(Beginning of Source data)

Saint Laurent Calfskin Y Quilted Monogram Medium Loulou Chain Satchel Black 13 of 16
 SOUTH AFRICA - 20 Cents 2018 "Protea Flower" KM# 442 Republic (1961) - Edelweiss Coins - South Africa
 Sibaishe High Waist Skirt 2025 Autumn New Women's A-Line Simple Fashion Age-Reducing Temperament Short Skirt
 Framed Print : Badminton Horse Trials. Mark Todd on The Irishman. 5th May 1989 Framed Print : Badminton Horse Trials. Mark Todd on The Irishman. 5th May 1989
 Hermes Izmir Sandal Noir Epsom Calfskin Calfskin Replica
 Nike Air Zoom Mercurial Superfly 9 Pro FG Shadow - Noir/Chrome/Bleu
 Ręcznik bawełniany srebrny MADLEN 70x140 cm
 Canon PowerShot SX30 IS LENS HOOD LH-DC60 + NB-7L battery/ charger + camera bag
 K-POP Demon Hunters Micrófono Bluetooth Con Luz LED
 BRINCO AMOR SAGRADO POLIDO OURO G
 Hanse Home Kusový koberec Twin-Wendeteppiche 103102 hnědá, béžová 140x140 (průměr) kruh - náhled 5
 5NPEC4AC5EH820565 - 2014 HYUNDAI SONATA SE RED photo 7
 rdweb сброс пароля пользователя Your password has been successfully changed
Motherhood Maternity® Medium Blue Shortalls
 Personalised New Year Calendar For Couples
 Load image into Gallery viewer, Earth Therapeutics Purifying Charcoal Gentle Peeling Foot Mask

(End of Source data)

* _Exercise objective_: Copy every line of the data where "Medium" is found.

* _The completed task_:
Saint Laurent Calfskin Y Quilted Monogram Medium Loulou Chain Satchel Black 13 of 16
Motherhood Maternity® Medium Blue Shortalls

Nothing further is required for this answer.